The culture of the Hamptons has been formed, in part, by the broad strokes of the Abstract Expressionist movement. Rick Friedman, president of ArtHamptons and an East End resident, became an avid art collector about 10 years ago and was struck by the historical and cultural significance of the area. As his collection grew and his preferences took shape, Friedman noticed that many of America’s most treasured artists had a connection to the Hamptons.
“It started to hit home,” said Friedman, “that some of the most famous artists in American history, and certainly of the 20th century, lived in the neighborhood. It was startling to see, and I thought it was really special.”
As he collected de Koonings, Pollocks and Krasners, Friedman felt he was not only buying a piece of history, but also a piece of home. Then he discovered Hamptons Bohemia, a book by Helen Harrison, director of the Pollock-Krasner House. He was moved by the images, stories and relationships of the artists and poets who played and worked here in the 50s, 60s and 70s. He thought the link between international significance and the local community would make this a prime setting for an art fair. Thus ArtHamptons was born.
Each year the event honors an artist with local roots linked to the post-World War II era. Past recipients have included Larry Rivers, Mary Abbott and Jane Wilson. This year, Jane Freilicher, 90 years old and still working, will be honored for her lifetime achievements. She’ll have her own retrospective wall entitled Jane Freilicher Near the Sea.
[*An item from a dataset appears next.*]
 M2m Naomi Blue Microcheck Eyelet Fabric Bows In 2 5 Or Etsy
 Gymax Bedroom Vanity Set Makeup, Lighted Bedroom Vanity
“Jane was a part of a new vanguard of urban bohemians who escaped to the Hamptons in the 1950s,” Harrison said. “She was among the small but influential group of artists who revitalized the landscape tradition that was the art colony’s original raison d’être.”
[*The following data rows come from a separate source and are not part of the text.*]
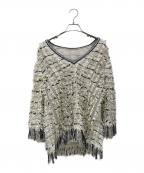 CHANELシャネル）の古着「フリンジVネックカットソー」｜ホワイト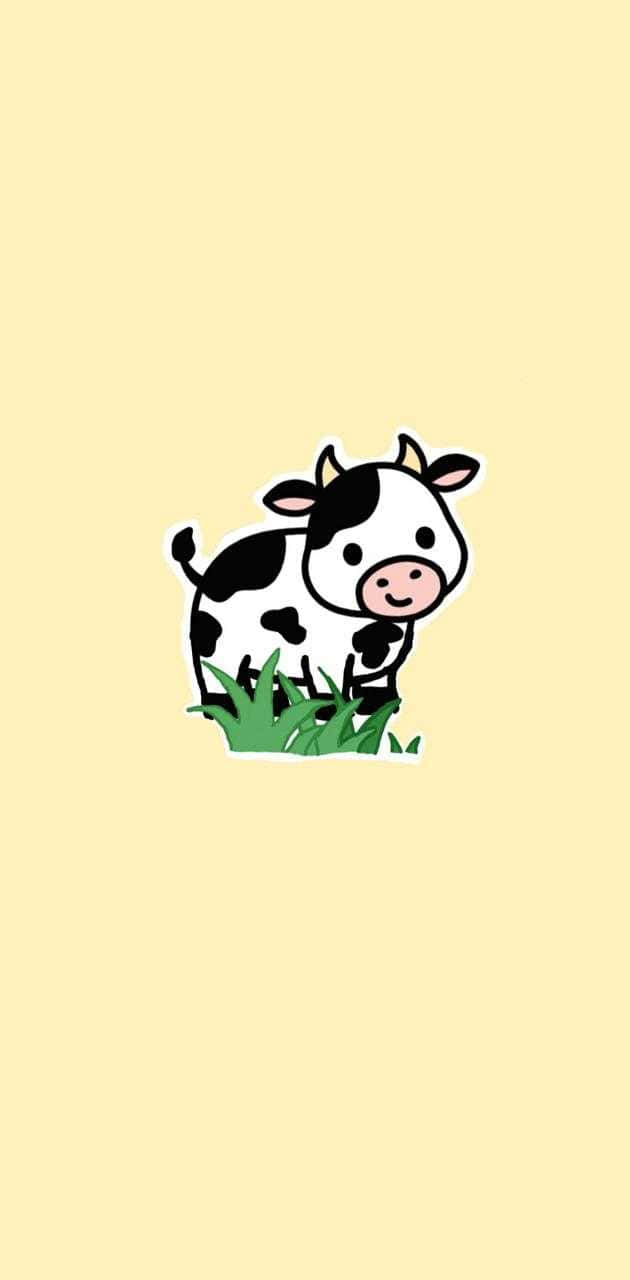 En ko står i græsset på en gul baggrund.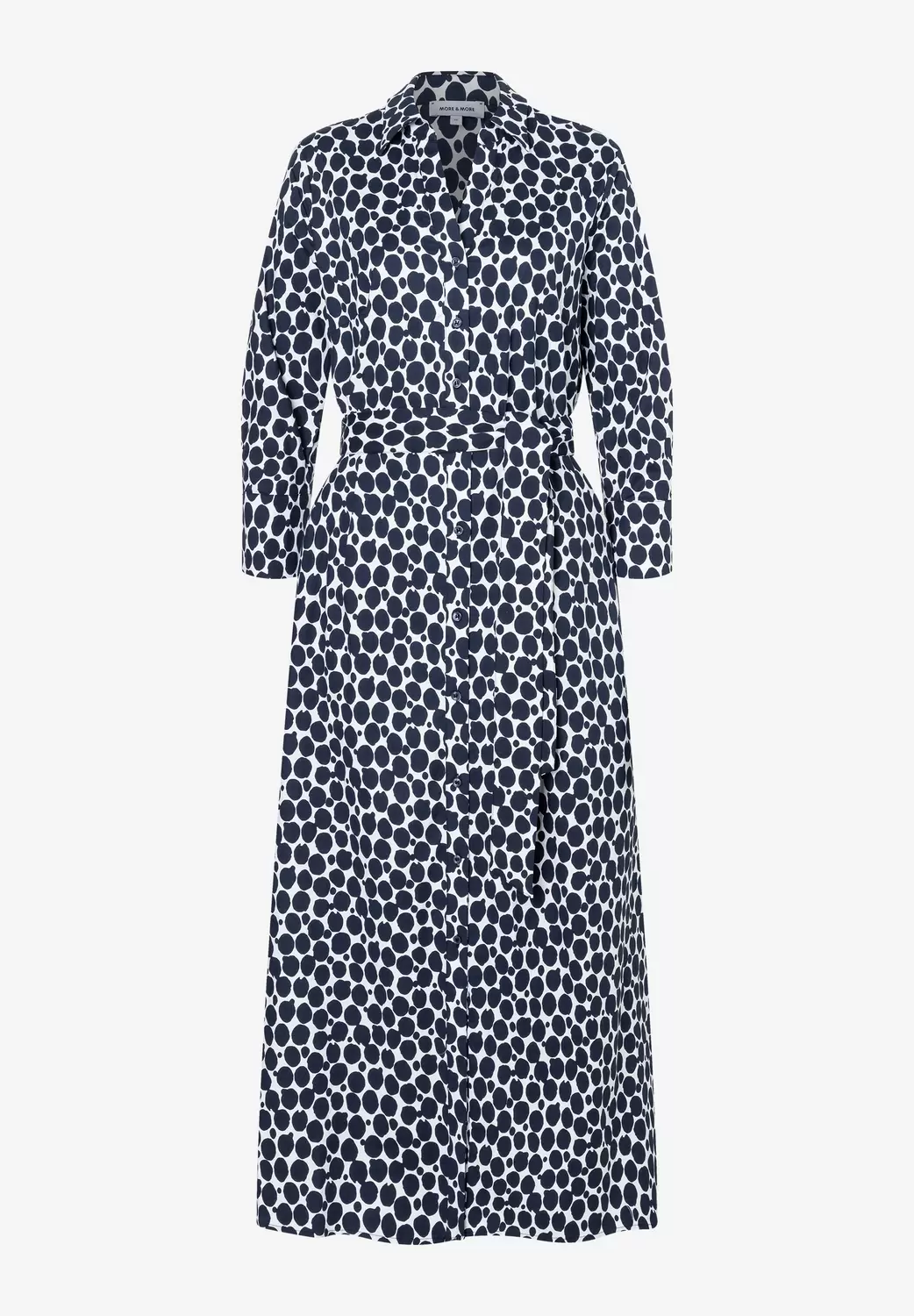 langes Hemdblusenkleid mit Tupfenprint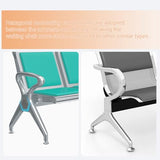 3-Seat Waiting Room Bench - PU Leather Waiting Room Chairs with Arms Airport Reception Bench,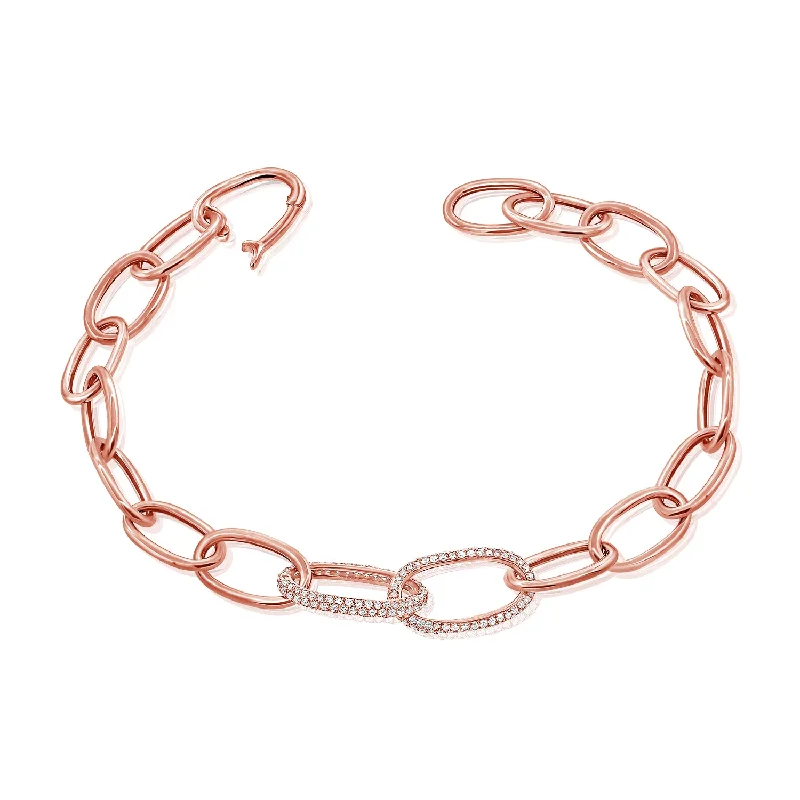 personalized couple’s bracelet engraved Diamond Designer Links Chain Bracelet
This year, ArtHamptons’ overarching theme is escapism. Whether it’s escaping through art, or escaping to the beach, Water Mill in the thick of summer is an appropriate destination. The specific setting, under a massive tent in the sculpture fields of Nova’s Ark, brings attendants even further from the ordinary.
“This is a place where one can separate and meditate,” said Friedman. “We’re situated on a 95-acre sculpture park which we share with a polo field. There are sculptures 4 stories high, horses grazing and a 50,000-square-foot pavilion with sunsets to take your breath away.”
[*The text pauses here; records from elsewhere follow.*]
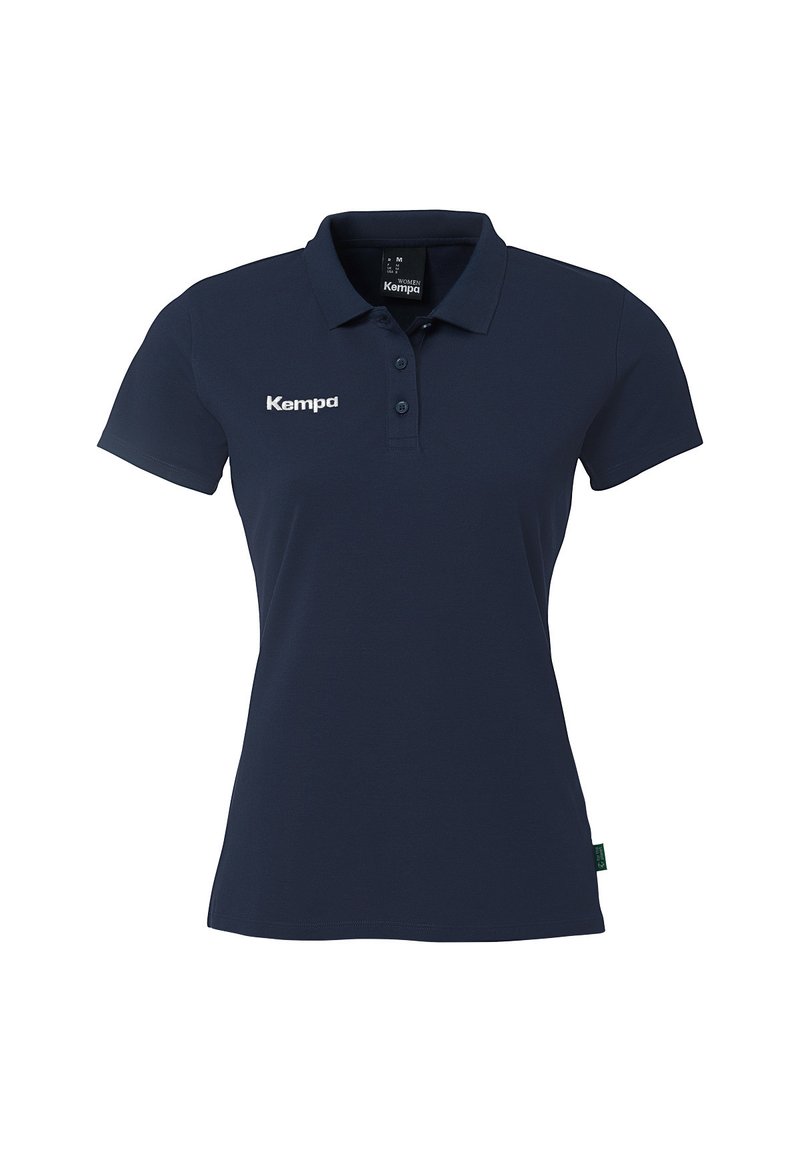 Marineblauwe polo gemaakt van katoen, met een klassieke kraag, drie knopen en een wit "Kampa" logo op de linkerkant van de borst.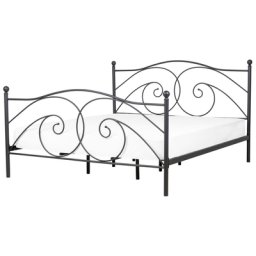 Metallbett Schwarz Romantischer Stil 180 x 200 cm Retro
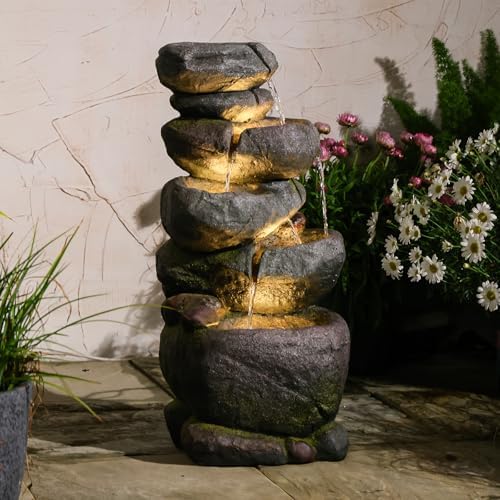 Bumilgar 27.8" H Outdoor Water Fountain with LED Lights, 5-Tier Cascading Stone Waterfall Fountain, Natural Rock Resin Outdoor Water Fountain for Garden Patio Backyard Porch Indoor Decor by Bumilgar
On Sunday morning, the Southampton Polo Club will have a match. Those attending the fair can partake in the sport of kings. Sunday morning will also welcome families with art classes for kids and family-focused tours. Throughout the weekend there will be a variety of offerings, making it more than just a group of galleries showcasing together.
“We’ll have parties, lectures and activities to keep it inspirational and educational,” Friedman said. “Topics range from art as an investment to an artist spotlight with cartoonist Jules Feiffer. We expect 3,500 to 4,000 people at our opening night gala, which benefits Guild Hall.”
ArtHamptons has become an important event to the galleries that participate as well. What started out as 40 or 50 galleries in 2008 now numbers more than 80, and about 15,000 people are expected to attend. This makes it the second-largest event in the Hamptons, according to Friedman.
For one, the Richard Demato Gallery of Sag Harbor will participate for its fifth year—gallery owner and collector Richard Demato wouldn’t miss it. “It’s the first art fair to come to the Hamptons,” he said, “and they do the biggest and best job. They provide the galleries the best return for efforts and time, and provide collectors with the most cutting-edge art on the market early in the summer.”
Many collectors have told Friedman that they wait all year to make their art purchases at this event. With a dazzling array of sculptures as well as paintings, photography, drawings and prints, there is something for everyone. And the price range is wide, with pieces starting around $2,000 and reaching the hundreds of thousands. (The average price ranges from $5,000 to $30,000.)
As a collector, Friedman draws great pleasure from the 200 or so paintings he’s acquired. He describes how sometimes, late at night, he’ll walk around his house and feel the greatness of the artists whose work hangs on his walls. His hope is that ArtHamptons connects people to that profound resonance as well.